M. Payne: Concernant le palais de justice de Longueuil, est-ce qu'on pourrait avoir un "up-date" sur l'implantation du...

M. Johnson (Anjou): On peut dire, dans le cas du palais de justice de Longueuil, que la préparation du programme architectural est réglée. Le blocage fonctionnel des espaces par le ministère est réglé. L'étude de faisabilité, les alternatives et les estimations de coûts par le ministère des Travaux publics sont également réglées. L'étude et la recherche du terrain sont réglées. Quant à la préparation du mémoire au Conseil du trésor, son analyse est faite et la préparation du programme technique de construction par le MTPA également.

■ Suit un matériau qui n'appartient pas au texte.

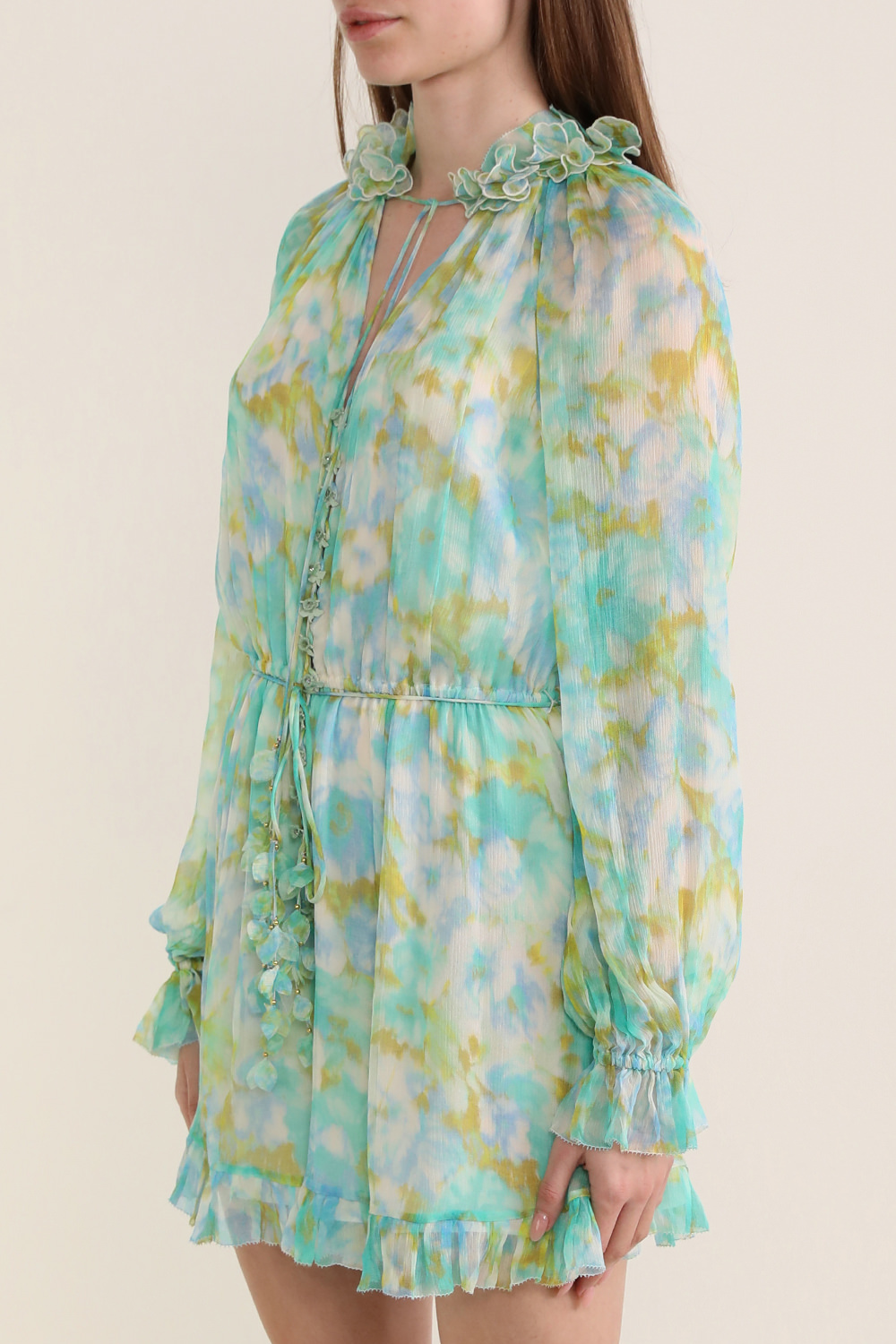 תמונת דוגמן קידמית של אוברול פרחוני ממשי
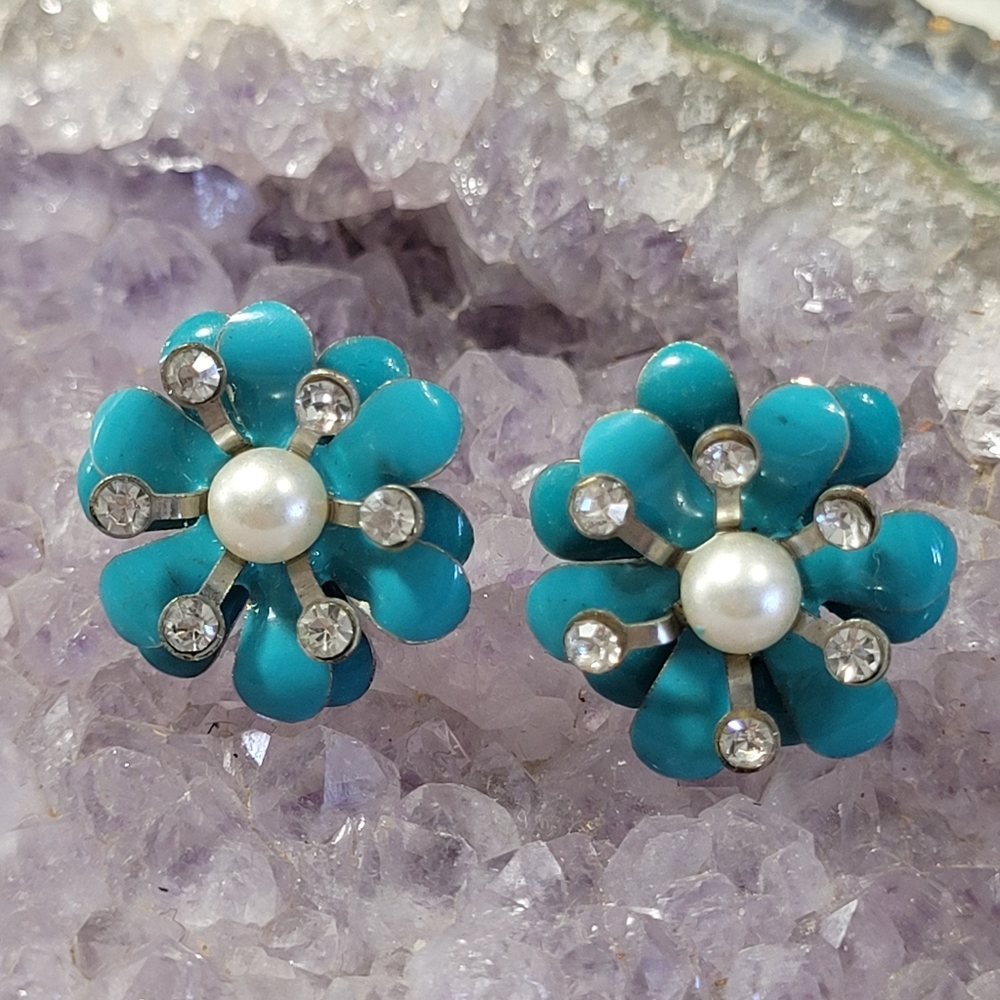 Flower Earrings.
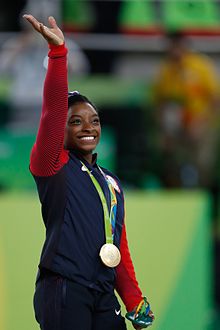 Cuentos de buenas noches para niñas rebeldes. Simone Biles en el podio de la medalla de oro de las Olimpiadas de 2016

On a également procédé à l'engagement de professionnels au niveau du ministère des Travaux publics et de l'Approvisionnement. Nous en sommes maintenant à la préparation des esquisses préliminaires depuis déjà quelques semaines, pour ne pas dire quelques mois d'ailleurs. La prochaine étape sera la préparation des plans et devis préliminaires, l'analyse des coûts, les plans et devis d'exécution, les appels d'offres. Le début des travaux devrait avoir lieu au mois de septembre 1985.

M. Payne: Où est le site?

M. Johnson (Anjou): Le site est au coin des boulevards Therrien et Jacques-Cartier, dans le nouveau centre-ville de Longueuil. C'est dans le comté de Taillon, je crois.

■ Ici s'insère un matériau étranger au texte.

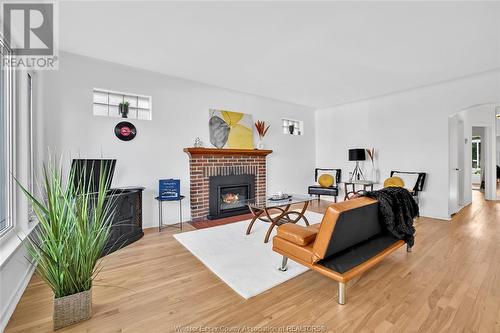 2211 Moy Avenue, Windsor, ON - Indoor Photo Showing Living Room With Fireplace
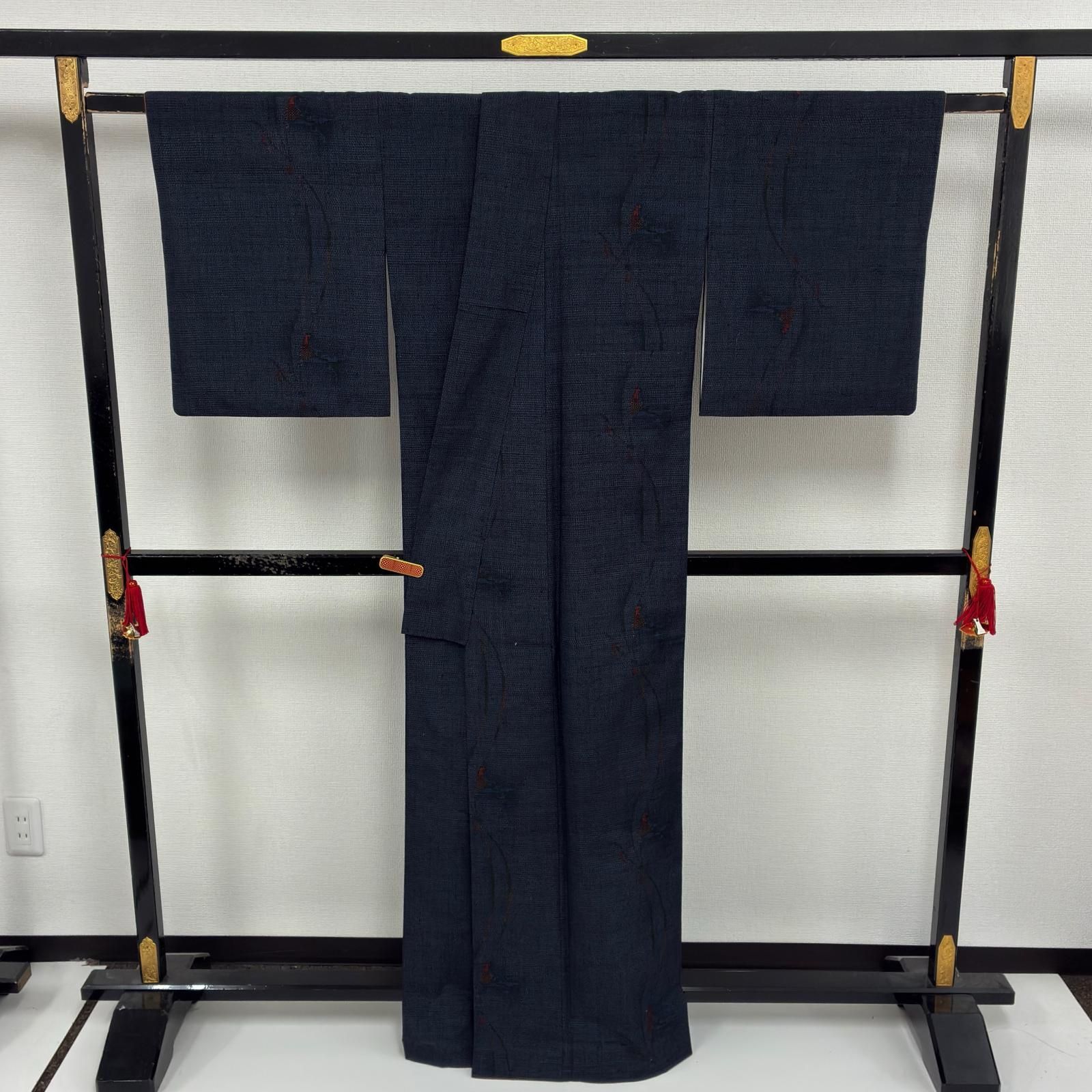 【美品】結城紬と聞いています 亀甲絣 正絹 袷 普段着 お茶会 街着に 結城紬 裄67 正絹 藍染め 亀甲 粋な絣 袷 着物 MK-8035 - メルカリ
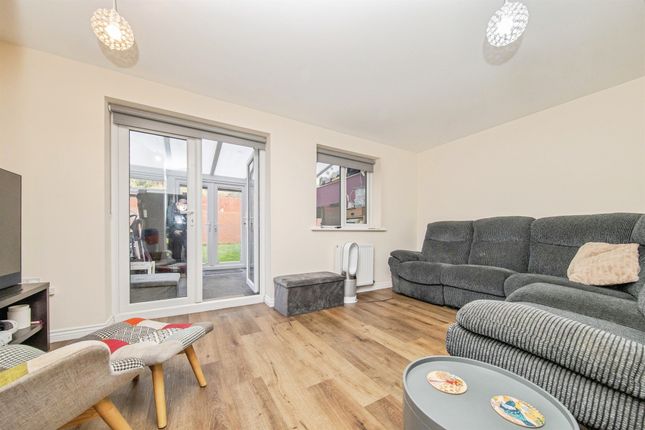 121, Heron Way, Harwich photo 2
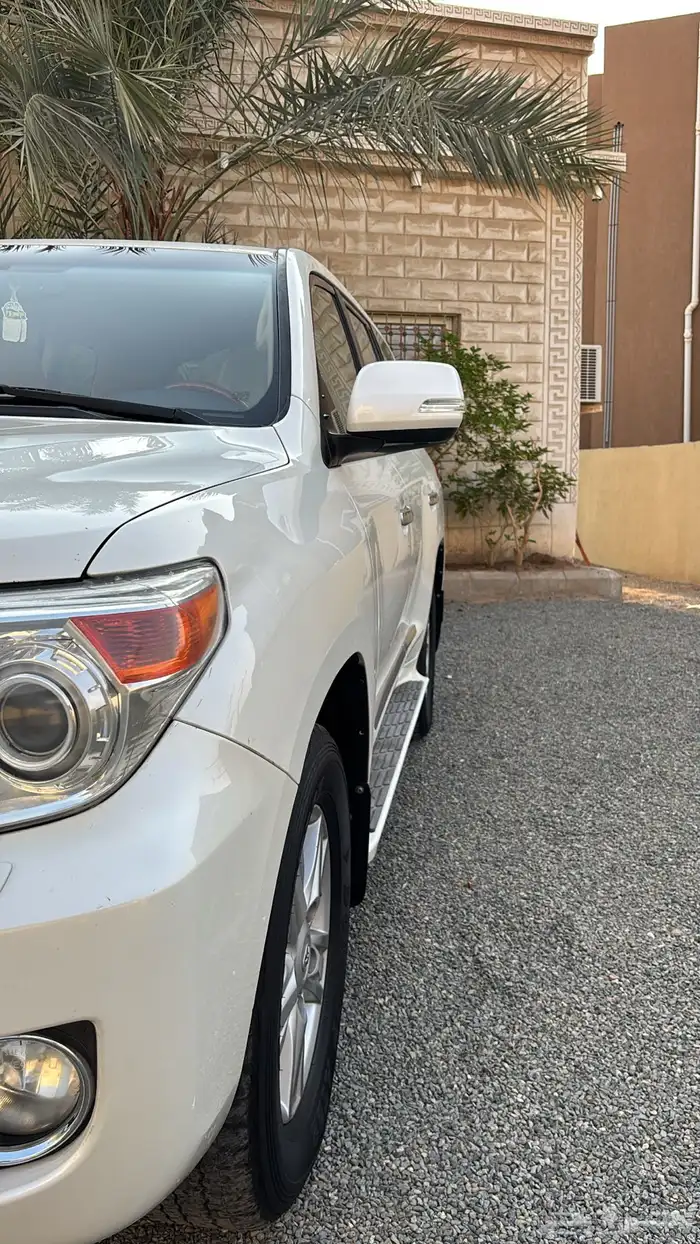 لاندكروزر مديل 2014 8سرندل فل كامل 4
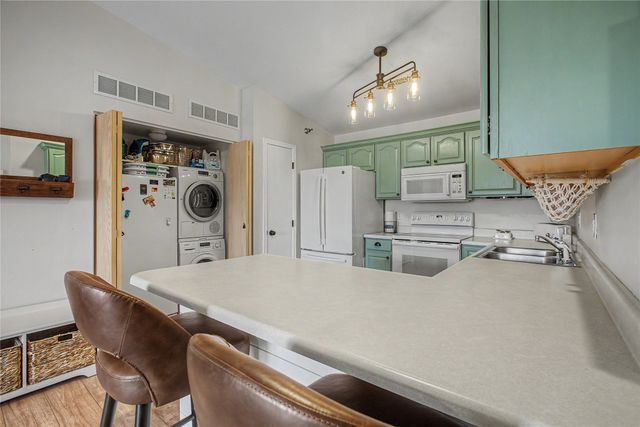 1335 SE 6th Street 304, Grimes, IA 50111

M. Payne: Ah oui! On sait cela depuis un bon bout de temps.

Le Président (M. Polak): C'est dans le bout.

M. Payne: On cherche les retombées partout.

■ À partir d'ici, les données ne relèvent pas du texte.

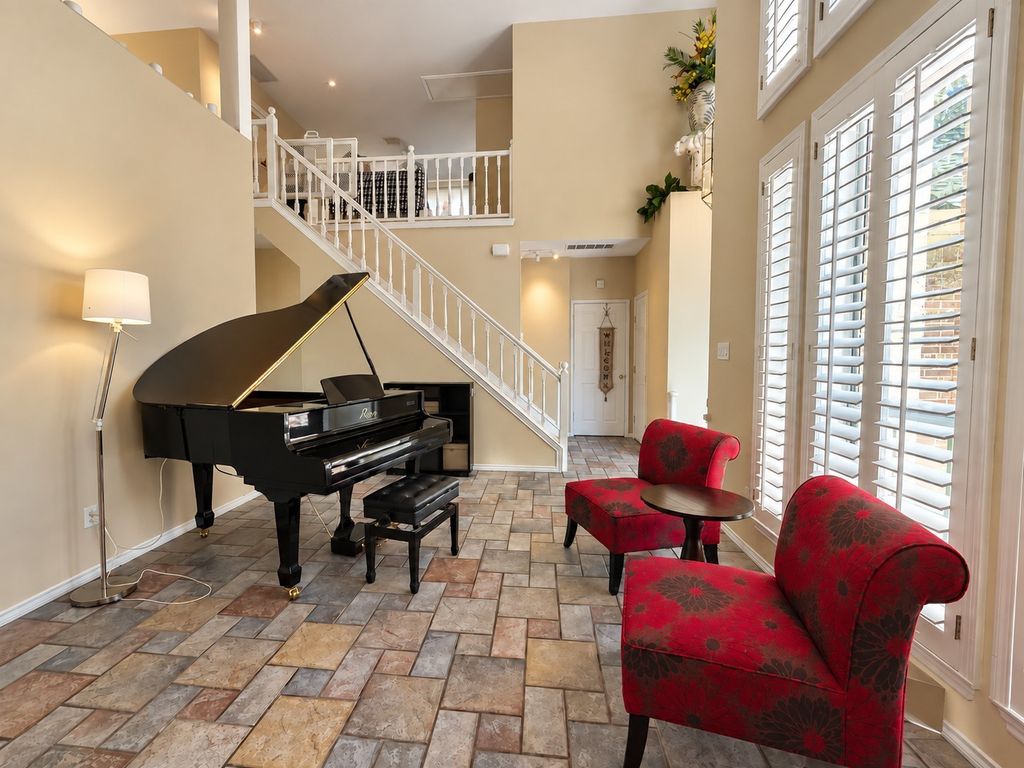202 Browning Lane, Grand Prairie, TX 75052 — photo 2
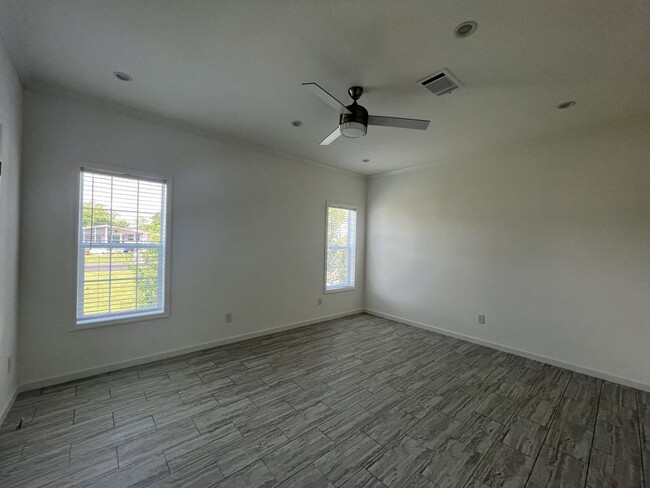 Building Photo - 557 Bimini Cay Cir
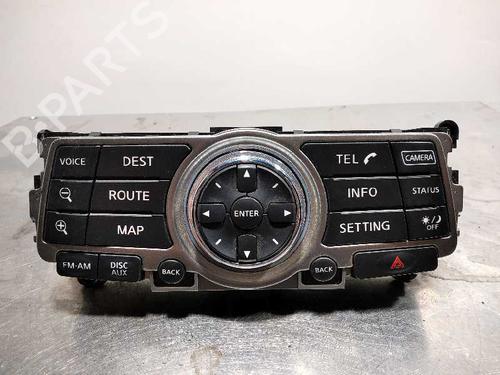 Used Switch Switch INFINITI QX70 30d AWD (238 hp) 14348642 14348642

M. Johnson (Anjou): C'est voisin de l'hôpital de Longueuil.

M. Payne: Est-ce à côté de l'hôpital Pierre-Boucher?

M. Johnson (Anjou): C'est cela.

M. Payne: Quand sortiront les appels d'offres?

M. Johnson (Anjou): Les appels d'offres devraient sortir dans neuf ou dix mois au maximum, une fois qu'on aura fait l'analyse des coûts qui suivra la préparation des plans et devis préliminaires.

M. Payne: Et l'édifice Montmartre va être passé par un...

M. Johnson (Anjou): Oui, je présume. M. Payne: ...au ministère de la Justice.

M. Johnson (Anjou): Ce sera graduellement transféré. Une fois que le palais de justice ouvrira, il faut qu'il ouvre à une place. Nous aurons donc des espaces intéressants à l'édifice Montmartre. Je ne sais pas si le député a un projet de CLSC.

M. Payne: Les crédits totaux pour cela, c'est combien?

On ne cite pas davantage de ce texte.